2. What actions has DOE taken, or is planning to take, to improve monitoring of aging facilities to ensure structural stability and better evaluate the potential for safety risks to workers, the public, and environment? How does DOE hold its contractors accountable to ensure these facilities are monitored and maintained to a level that ensures there is no adverse risk to workers or release of radioactive or toxic materials? What actions has DOE taken to review contractor performance with regard to the recent tunnel collapse?

3. What is the full scope of legacy infrastructure and non-tank waste within the RL mission requiring cleanup, but which is not currently being remediated? What is the timeline under which the remediation of these sites is currently scheduled to be completed? Please include contaminated equipment, facilities, waste sites, groundwater, soil, and other non-tank waste units in this review.
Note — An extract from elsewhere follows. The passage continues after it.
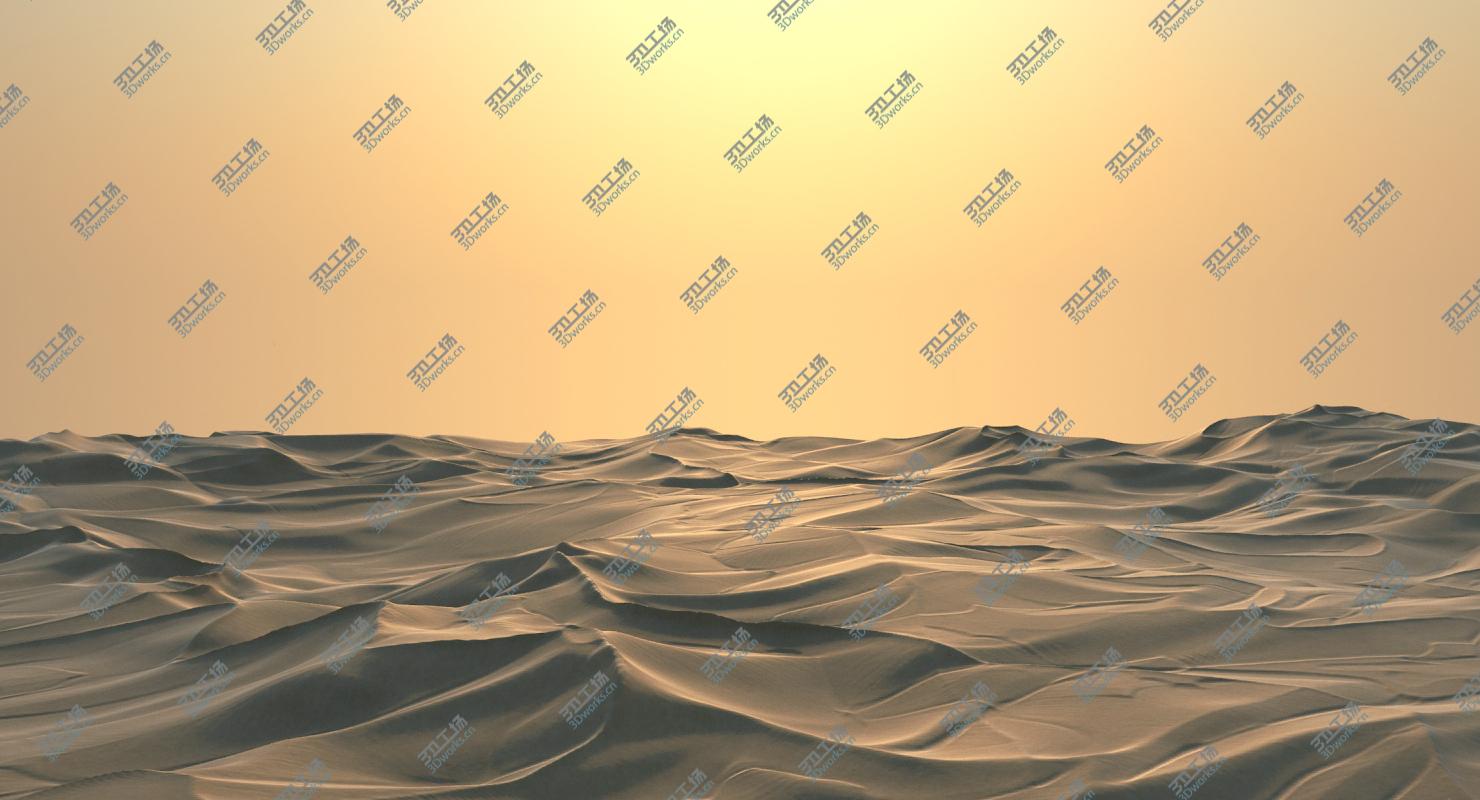 images/goods_img/2021040163/Desert Dunes Terrain Landscape 3D/3.jpg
4. How does DOE identify and determine the risks this legacy infrastructure and non-tank waste within the RL mission poses to workers, the public, and environment? Does DOE have an established mechanism by which it prioritizes this remediation work? Further, is there a unified remediation priority list among its two offices at the Hanford Site – RL and the Office of River Protection? Is there a unified remediation priority list across the entire national DOE environmental management complex?

5. After DOE’s immediate efforts to stabilize Tunnel 1 at PUREX, what are DOE’s plans to remove the waste from and remediate Tunnel 1 and Tunnel 2 at PUREX? Has the collapse at Tunnel 1 altered DOE’s plans for addressing such legacy infrastructure and non-tank waste sites within the RL mission, and what challenges does DOE face in this mission?